In this lesson we briefly explore a few translations of the Bible and discuss what has been compromised when the last generation stopped using the KJV. Even though the KJV is harder for individuals to see and hear and to read and understand, we will begin to discover it’s tremendous value, even in today’s contemporary world.
A generation ago we gave up the KJV because it was too hard to read. But why was it not too difficult for our grandparents and their parents and their parents to read? What did we really give up when we stopped using the KJV? In this course you will learn why the KJV is the best bible to use for the person who is serious about their Bible study. You will learn what some of the old English word endings really mean and why it matters. After completing this course you will walk away with a richer understanding of the language used in your King James Bible and a deeper appreciation for the translators of the KJB.
English grammar has never been more interesting as we begin to discover the meaning behind words which end with est and eth, as you would find in words such as prayest and knocketh. You will be amazed at how the translators of the KJV were able to use specific word endings to help you gain precise understanding of words. We will look at specific passages of Scripture as we begin to apply this lesson. You may want to take notes!
As we continue our English grammar lesson we will turn our attention to more words, which will continue to unlock some very basic and fundamental meanings for you. You will learn an easy way to remember the difference between thee, thy, thine, thou and ye, you, and yours. We will gain practical experience as we look at specific Scriptures and apply them to our understanding.
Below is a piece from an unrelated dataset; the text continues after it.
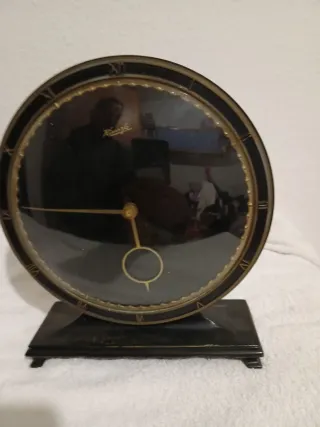 Reloj de mesa antiguo muy bien conservado...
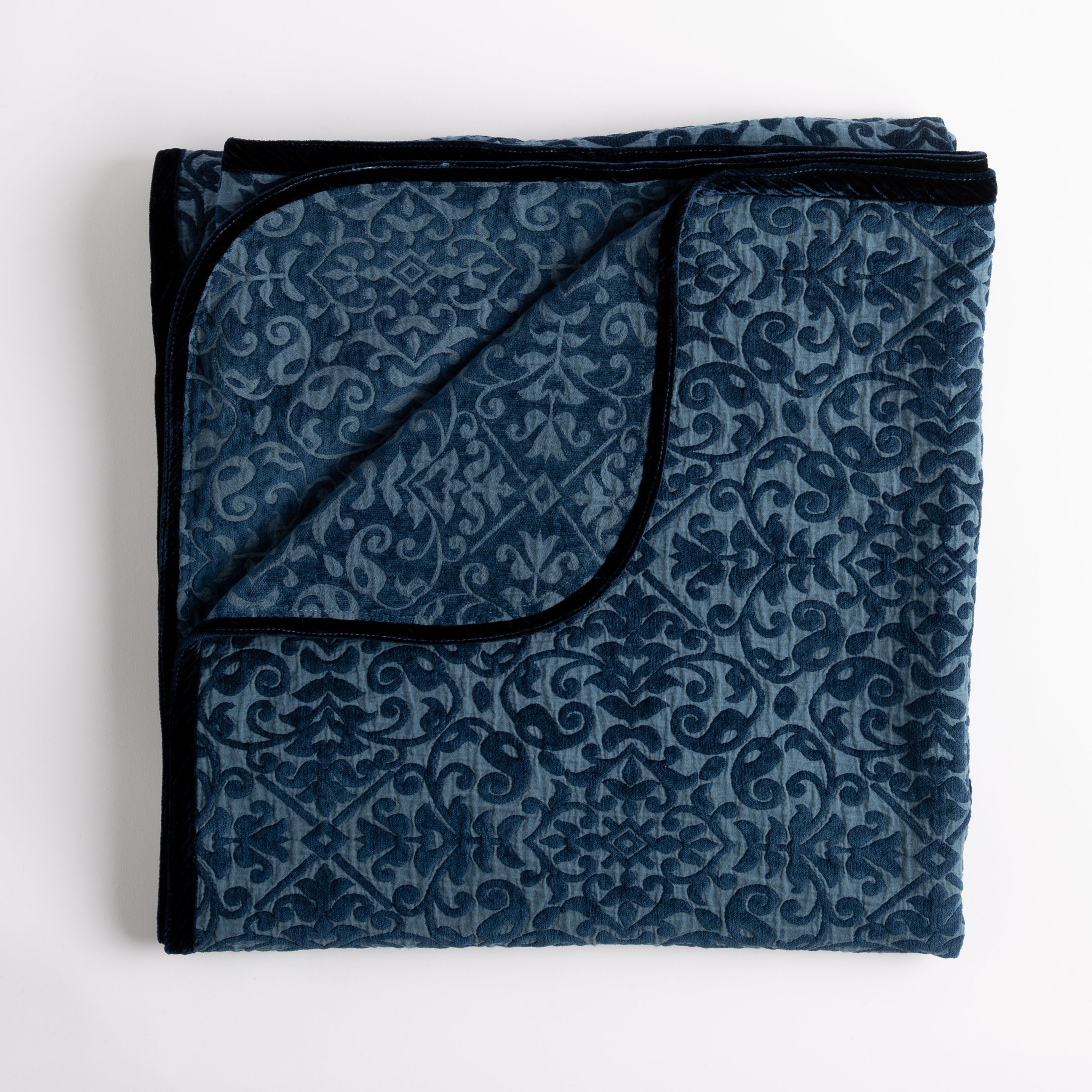 Premium Soft Vienna Blanket - Cozy & Luxurious Fleece Throw for Bed, Sofa & Travel - Perfect for Winter, Gifts & Home Decor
Modern translators have come along and interpreted the Bible for us. They make all kinds of interpretations, on our behalf, while many people don’t even realize it. In this lesson we will learn about some of the ways Bible translations are interpreting the Bible for you, employing methods such as italics, or lack of italics, quotations and capitalization of pronouns; all as a way of making the Bible easier to read, but compromising the truth of scripture.